- A well-established 35-year-old family-owned chemical distribution company (with approximately $12M annual revenues) had a successful business with a national footprint and was known for quality and service.
- Despite this success, the founder did not have a structured succession plan.
- As a result of his death, the transition from the founding generation to the second generation occurred and the business passed to the founder’s children, with his daughter stepping in to be the controlling shareholder and CEO.
- The daughter soon realized that the business was not well-positioned to move forward.
- Existing business systems, tools, and employee discipline required improvement, and the company had stagnated while the competitive environment had intensified.
- The Newport partner was retained to assess the business and assist the CEO and her leadership team to identify and articulate a vision for the future.
- Following a company assessment, action plans were crafted to achieve the CEO’s vision for the future.

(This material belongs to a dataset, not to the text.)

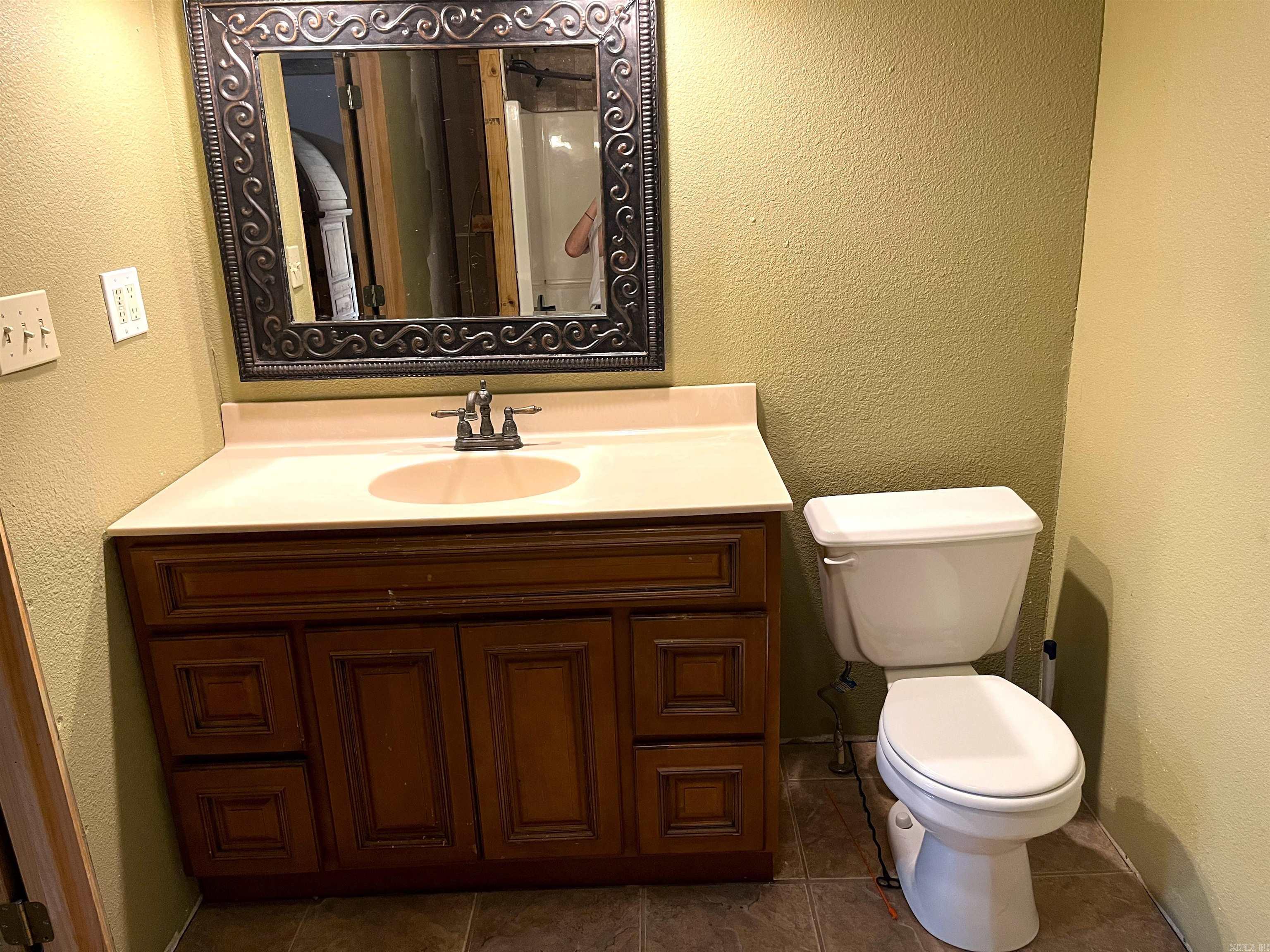 Greers Ferry-Outside - Residential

- The Newport partner worked directly with the company’s leadership team to develop and implement the necessary commercial, financial and human capital plans. A management reporting structure was also put in place so the team knew the health of the business.
- The company applied the new plans to its operations and employees. In order to address long-standing liabilities, the Newport partner helped the CEO arrange a partial sale of the business to offset liabilities and provide liquidity for the future.
- The remaining assets and resources were utilized to serve a local customer. Ultimately, the remaining business was sold to a larger sector-focused business that was looking to expand into the local market.